Civil Asset Forfeiture with Don Boudreaux

Police

Don Boudreaux is a professor of economics at George Mason University. He blogs at Café Hayek. I invited him to discuss civil asset forfeiture on the podcast because of a conversation we had about it at a recent Mercatus Center colloquium.

Civil asset forfeiture is the practice of the state taking someone’s property on suspicion that the property has been used for wrongdoing, without having to charge the owner with a crime.

Civil asset forfeiture had its origins in British maritime law. The British had difficulties with pirates along the Barbary Coast. When the pirates were apprehended and their ships brought back to London, British courts had difficulty deciding what to do with these ships. The ships’ owners were outside the jurisdiction of British law, so the courts couldn’t try and convict them, but they couldn’t send the ships back to them either only to have them return to the seas with a fresh pirate crew! Parliament thus passed a law allowing the courts to charge the property itself with the crime if and only if the property’s owner was outside the jurisdiction of British law.

Civil asset forfeiture, in this very limited form, was part of American law from the beginning. In the late 19th century, when alcohol was prohibited in some states, law enforcers started using civil asset forfeiture to confiscate the property of those suspected of producing, trafficking, and selling alcohol. This allowed them to circumvent due process, as American law only guarantees due process rights (such as the right to a trial by jury, the right to an attorney, the presumption of innocence, etc.) to human beings, and an alcohol still is not a human.

The US Supreme Court ruled on civil asset forfeiture in the case of Bennis v. Michigan (which Don wrote about in a 1996 article coauthored with A. C. Pritchard). John Bennis was caught with a prostitute in the 1977 Pontiac he co-owned with his wife, Tina Bennis. As a result, the state confiscated the car. Tina Bennis, however, had no knowledge of her husband’s wrongdoing, and argued that she should at least be entitled to her half of the proceeds from the sale of the car. The case went all the way to the US Supreme Court, where then-Chief Justice Rehnquist wrote the majority opinion in favour of the State of Michigan. Rehnquist argued that civil asset forfeiture was constitutional since it had been a part of British law when the Constitution was adopted. Rehnquist neglected the fact that the civil asset forfeiture law at that time had only applied when the property owner was outside the legal jurisdiction of the court. John and Tina Bennis were both within the legal jurisdiction of Wayne County, Michigan where the car was seized.
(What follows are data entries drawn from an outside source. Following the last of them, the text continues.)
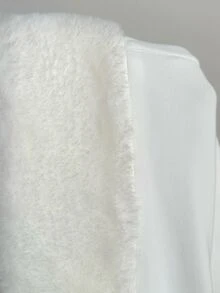 SHEIN EZwear White Knitted Long Sleeve Zip-Up Half-Placket Hooded Jumpsuit - White - View 5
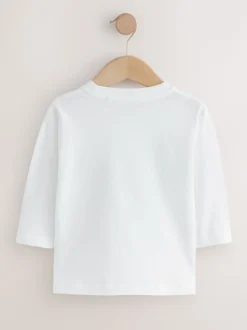 Chien blanc Happy Time - T-shirt imprimé graphique à manches longues (3mois-8ans)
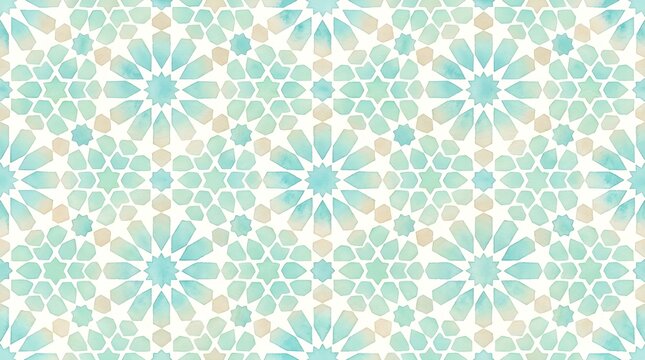 Intricate Islamic geometric star pattern in watercolor style with teal and beige for luxurious fabric and wallpaper.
Police usually seize the assets of those groups in American society that have little political clout. A young black man driving in an expensive car and carrying a lot of cash can be pulled over and have his car and cash seized on suspicion that he might be a drug dealer. White, middle-class Americans rarely face the blatant, unjust seizure of their assets.

However, in a recent case, the City of Philadelphia seized the white, middle-class Sourovelis family’s home after their son sold $40 of heroin on the front lawn. The Sourovelis family is now suing the City of Brotherly Love in a class-action suit with others whose property the city has seized (see Sourovelis v. City of Philadelphia). This case has drawn more public attention to the injustice of civil asset forfeiture, though still less attention than the issue deserves.